A key tool in computational statistics is **bootstrap sampling**.

## Boostrap sampling

Creating new datasets by **sampling with replacement**
- this is in contrast to shuffling / permutation sampling (without replacement)

Bootstrap samples 
- are always available
- require no assumption about the sample statistic being normally distributed
- can be widely applied

Sampling without replacement = probability of sampling a sample is unchanged

The boostrap does not compensate for a small dataset
- instead it answers questions about how additional

## Standard error

A metric that sums up **how variable a sampling distribution is**.  

It is estimated using 
- the standard deviation of the samples
- the sample size

The standard error is
- the expected error
- describes variability in the estimate

In [None]:
d = np.random.normal(10, 5, 100000)

np.testing.assert_allclose(scipy_standard_error(d), np.std(d) / np.power(len(d), 0.5), rtol=1e-05)

np.std(d) / np.power(len(d), 0.5)

We can also take a computational approach to estimating standard error.  Before we do this, let's introduce a new dataset.

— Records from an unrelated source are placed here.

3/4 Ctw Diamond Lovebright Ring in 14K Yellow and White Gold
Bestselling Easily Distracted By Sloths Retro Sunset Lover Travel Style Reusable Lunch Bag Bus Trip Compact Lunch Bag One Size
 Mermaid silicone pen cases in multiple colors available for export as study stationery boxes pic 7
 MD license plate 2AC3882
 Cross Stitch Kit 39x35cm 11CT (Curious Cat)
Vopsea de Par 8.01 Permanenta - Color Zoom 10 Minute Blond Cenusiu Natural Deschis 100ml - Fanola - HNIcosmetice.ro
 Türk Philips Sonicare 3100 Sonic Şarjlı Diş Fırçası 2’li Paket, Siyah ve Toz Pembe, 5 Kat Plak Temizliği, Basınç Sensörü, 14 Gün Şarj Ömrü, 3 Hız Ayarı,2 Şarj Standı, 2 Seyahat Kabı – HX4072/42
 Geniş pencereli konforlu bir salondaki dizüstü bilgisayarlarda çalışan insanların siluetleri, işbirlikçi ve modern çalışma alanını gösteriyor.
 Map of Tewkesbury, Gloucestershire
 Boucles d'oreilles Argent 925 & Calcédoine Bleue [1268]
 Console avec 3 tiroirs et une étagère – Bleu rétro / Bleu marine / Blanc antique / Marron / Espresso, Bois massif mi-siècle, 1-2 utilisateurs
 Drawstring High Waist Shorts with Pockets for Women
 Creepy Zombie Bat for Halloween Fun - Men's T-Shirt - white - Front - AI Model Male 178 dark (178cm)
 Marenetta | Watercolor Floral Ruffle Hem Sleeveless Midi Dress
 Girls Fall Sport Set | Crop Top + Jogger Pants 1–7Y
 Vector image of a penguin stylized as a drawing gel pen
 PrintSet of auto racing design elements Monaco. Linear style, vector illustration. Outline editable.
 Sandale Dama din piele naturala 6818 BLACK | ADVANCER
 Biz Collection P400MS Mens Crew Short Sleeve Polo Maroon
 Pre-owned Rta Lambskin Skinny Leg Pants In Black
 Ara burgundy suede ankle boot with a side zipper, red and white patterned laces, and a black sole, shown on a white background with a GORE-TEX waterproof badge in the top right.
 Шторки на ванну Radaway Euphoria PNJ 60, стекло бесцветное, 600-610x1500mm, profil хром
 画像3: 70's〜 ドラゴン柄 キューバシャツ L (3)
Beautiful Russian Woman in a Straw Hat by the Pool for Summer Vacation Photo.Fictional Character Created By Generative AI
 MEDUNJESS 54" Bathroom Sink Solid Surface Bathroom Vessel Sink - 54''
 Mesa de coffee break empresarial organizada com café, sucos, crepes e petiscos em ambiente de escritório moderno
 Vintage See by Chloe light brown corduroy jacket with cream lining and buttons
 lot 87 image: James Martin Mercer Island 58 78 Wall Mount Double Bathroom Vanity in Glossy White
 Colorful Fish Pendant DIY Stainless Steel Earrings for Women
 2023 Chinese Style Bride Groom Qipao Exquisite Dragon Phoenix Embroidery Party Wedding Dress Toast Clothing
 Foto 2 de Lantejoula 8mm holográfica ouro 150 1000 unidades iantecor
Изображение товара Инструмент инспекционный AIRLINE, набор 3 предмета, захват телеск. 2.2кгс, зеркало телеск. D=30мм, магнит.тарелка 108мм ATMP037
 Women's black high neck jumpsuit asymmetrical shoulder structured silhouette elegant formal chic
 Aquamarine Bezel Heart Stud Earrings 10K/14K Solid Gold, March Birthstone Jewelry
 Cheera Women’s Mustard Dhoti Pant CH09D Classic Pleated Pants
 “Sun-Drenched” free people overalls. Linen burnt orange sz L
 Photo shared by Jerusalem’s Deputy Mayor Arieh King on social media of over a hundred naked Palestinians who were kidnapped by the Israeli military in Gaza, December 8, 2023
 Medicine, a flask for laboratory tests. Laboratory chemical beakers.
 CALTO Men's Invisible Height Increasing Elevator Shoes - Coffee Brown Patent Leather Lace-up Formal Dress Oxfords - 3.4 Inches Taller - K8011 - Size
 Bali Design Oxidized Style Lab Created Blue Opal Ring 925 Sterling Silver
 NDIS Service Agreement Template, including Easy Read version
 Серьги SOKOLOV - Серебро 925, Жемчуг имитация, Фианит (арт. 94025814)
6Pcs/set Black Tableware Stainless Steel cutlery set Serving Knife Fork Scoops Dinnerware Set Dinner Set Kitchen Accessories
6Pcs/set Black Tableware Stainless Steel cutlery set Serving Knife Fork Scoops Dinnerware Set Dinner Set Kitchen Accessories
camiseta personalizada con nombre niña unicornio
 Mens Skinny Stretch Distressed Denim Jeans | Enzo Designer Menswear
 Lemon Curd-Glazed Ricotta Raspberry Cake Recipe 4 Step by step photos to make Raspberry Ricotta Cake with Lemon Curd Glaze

## A new dataset (no more Iris!)

http://archive.ics.uci.edu/ml/datasets/Forest+Fires

Run bash commands to:
- make a folder called `data`
- download two text files
- move them into `data`

In [None]:
data = load_forest_fires()

data.shape

In [None]:
data.head(2)

Let's first look at the **data distribution** of a feature:

In [None]:
_ = data.plot(y='temp', kind='hist')

And some of the statistics of this data:

In [None]:
data.loc[:, 'RH'].describe()

## Practical

Take a computational approach to estimating standard error:
1. sample a bootstrap of n samples
2. record the sample mean of the n samples
3. repeat steps 1 & 2 m times - each time reporting the sample mean standard error (ie the standard deviation)
4. produce a histogram of the sample means

## Confidence intervals

A confidence interval = measurement of error in a sample estimate
- same purpose as histograms, boxplots & standard errors

The confidence interval can be thought of as
- the interval that encloses X % of the bootstrap sampling distribution
- an X % CI should, on average, contain similar sample estimates X % of the time

The general method for generating a boostrap confidence interval:
1. draw a bootstrap sample
2. record the statistic (mean, var etc)
3. repeat 1 & 2 many times
4. trim (100-x) / 2 % from either end of the distribution - the end points are now your confidence intervals

In [None]:
data = pd.read_csv('./data/forestfires.csv')
col = 'temp'

n_samples = 1000
sample_size = 1000

statistics = []
for _ in range(n_samples):
    idxs = np.random.randint(0, data.shape[0], sample_size)
    sample_mean = np.mean(data.loc[idxs, col])
    statistics.append(sample_mean)

In [None]:
statistics = sorted(statistics)

interval = 0.95
split = int(data.shape[0] * (1 - interval) / 2)
split

In [None]:
start, end = statistics[split], statistics[-split]

start, end

In [None]:
f, ax = plt.subplots()
ax.hist(statistics)
ax.axvline(start, color='red')
ax.axvline(end, color='red')

We can also use a cumulative density function (CDF) to 
- visualize the distribution of sample means
- calculate the confidence intervals

In [None]:
y, x = zip(*make_cdf(statistics))

y = np.array(y)
x = np.array(x)

start = x[y == 0.05]
end = x[y == 0.95]

f, ax = plt.subplots()
ax.plot(x, y)
ax.axvline(start, color='red')
ax.axvline(end, color='red')

In [None]:
print(start, end)

## Quiz

[Chapter 12 of Statistics Done Wrong - Alex Reinhart](https://www.statisticsdonewrong.com/)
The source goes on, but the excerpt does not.